Natürlich hieß er nicht wirklich Fritz, aber mit 250 Puls und akutem Sauerstoffmangel merke ich mir keine unaussprechlichen Namen, also nenne ich ihn einfach so. Fritz ist einer der ältesten seiner Gruppe und fürchtet sich vor nichts mehr! Er schaut uns ein wenig mitleidig an, kratzt sich genussvoll seine Genitalien und schwingt sich dann auf den nächsten Baum. Dort pflückt er ein paar Früchte, schleckt sie aus und bewirft uns dann mit den Schalen! Ich mag Fritz! Die beiden jungen Affen schließen, dass sie nunmehr genug spaziert sind und tun es dem Alten gleich. Ich verrenke mir den Hals himmelwärts und überlege ob dies wohl ein geeigneter Zeitpunk sei, um in Ohnmacht zu fallen. Ich entschied mich doch dagegen, setzte mich stattdessen auf meinen Rucksack und keuchte noch ein halbes Stündchen. Langsam bekam ich wieder alle meine Sinne in den Griff. Ich schaute nach oben und sah meine 3 Schimpansen genussvoll Früchte mampfen. Ich war glücklich!

Von Zeit zu Zeit ließen sie im Chor ein Gebrüll los und Kouga übersetzte mir das ins Humanoide mit den Worten: "Hurra, hier gibt es viele gute Früchte, hier bleiben wir". Viel mehr würde sich heute nicht mehr abspielen. Eine Stunde, bzw. eine knappe Halsverrenkung lang blieben uns zu verweilen, dann mussten wir zurück. Wir hatten noch 3 Stunden Rückweg vor uns.

Zum Abschied kam Fritz noch mal eine Etage weiter herab zu mir, er schaute mich wieder ein wenig mitleidig an, kratzte sich genießerisch noch mal seine Genitalien, und ich fragte mich ernsthaft, wer wohl der größere Affe von uns beiden sei!

Am Heimweg erzählte mir Kouga, dass sich der englische Botschafter für heute abend im Hotel angesagt hat. So kam mir der Gedanke, ob ich für diesen Anlass entsprechend adjustiert sei.
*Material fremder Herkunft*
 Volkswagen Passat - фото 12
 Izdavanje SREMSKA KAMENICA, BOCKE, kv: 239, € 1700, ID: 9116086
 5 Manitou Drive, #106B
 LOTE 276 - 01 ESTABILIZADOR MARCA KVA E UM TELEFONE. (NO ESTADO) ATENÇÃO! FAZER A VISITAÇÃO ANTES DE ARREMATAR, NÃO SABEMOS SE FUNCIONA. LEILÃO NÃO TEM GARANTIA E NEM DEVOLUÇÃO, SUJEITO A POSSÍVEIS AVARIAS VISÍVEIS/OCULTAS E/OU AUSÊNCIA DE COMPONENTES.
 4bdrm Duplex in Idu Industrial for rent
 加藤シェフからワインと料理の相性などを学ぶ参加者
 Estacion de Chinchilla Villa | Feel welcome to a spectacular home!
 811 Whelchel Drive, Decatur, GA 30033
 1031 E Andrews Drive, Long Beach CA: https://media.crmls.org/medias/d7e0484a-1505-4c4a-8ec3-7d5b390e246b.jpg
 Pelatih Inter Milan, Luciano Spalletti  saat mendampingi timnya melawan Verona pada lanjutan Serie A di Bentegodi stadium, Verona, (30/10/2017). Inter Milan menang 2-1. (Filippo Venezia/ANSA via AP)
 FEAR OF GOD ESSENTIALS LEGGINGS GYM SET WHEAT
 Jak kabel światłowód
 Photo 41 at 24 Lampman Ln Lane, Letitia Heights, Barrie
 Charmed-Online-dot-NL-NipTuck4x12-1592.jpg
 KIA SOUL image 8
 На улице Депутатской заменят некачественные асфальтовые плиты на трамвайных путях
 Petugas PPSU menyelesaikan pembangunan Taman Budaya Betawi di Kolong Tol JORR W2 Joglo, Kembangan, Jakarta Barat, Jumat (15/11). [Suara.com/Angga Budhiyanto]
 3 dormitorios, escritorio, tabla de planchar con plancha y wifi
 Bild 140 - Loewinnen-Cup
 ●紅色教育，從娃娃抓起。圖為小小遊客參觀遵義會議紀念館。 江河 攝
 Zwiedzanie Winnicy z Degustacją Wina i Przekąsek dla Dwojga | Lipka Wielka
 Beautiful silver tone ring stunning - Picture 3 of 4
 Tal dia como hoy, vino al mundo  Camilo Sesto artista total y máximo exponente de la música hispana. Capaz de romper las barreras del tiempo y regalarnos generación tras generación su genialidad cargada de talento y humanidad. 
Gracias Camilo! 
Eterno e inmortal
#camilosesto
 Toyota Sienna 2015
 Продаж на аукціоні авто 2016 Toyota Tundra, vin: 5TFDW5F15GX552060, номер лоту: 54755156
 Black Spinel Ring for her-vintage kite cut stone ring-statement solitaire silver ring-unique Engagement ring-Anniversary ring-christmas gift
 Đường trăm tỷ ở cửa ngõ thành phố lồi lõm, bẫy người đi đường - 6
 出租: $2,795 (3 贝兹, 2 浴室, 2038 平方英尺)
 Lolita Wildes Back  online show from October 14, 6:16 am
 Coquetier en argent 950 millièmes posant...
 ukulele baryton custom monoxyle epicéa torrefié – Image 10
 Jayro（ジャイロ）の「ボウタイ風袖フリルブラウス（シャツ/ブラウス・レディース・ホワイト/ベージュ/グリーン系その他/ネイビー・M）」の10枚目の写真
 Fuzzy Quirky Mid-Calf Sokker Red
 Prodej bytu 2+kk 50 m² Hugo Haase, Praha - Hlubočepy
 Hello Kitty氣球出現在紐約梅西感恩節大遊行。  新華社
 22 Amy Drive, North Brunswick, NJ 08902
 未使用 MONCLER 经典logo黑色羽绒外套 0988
Ich blickte auf mein derzeitiges Outfit herab. Voll Entsetzen musste ich feststellen, dass von meinem #2 Leiberl nicht mehr viel übrig war. Die Dornen und bissigen Schlangen hatten ihren Tribut gefordert! Mein #2 Leiberl noch Leiberl zu nennen, wäre so wie wenn man zu einem Paragleiter Flieger sagt. Es ist einfach nicht richtig! Statt dessen ist es ein löchriger Fetzen! Nach 2 Monaten und 19 Tagen treuen Dienst und beispielhaften Durchhaltevermögen muss ich mein #2 Leiber für tot erklären.

Müde, erschöpft, glücklich und traurig zugleich erreichen wir noch vor der Dunkelheit das Hotel. Der Botschafter war noch nicht angekommen - Gott sei Dank!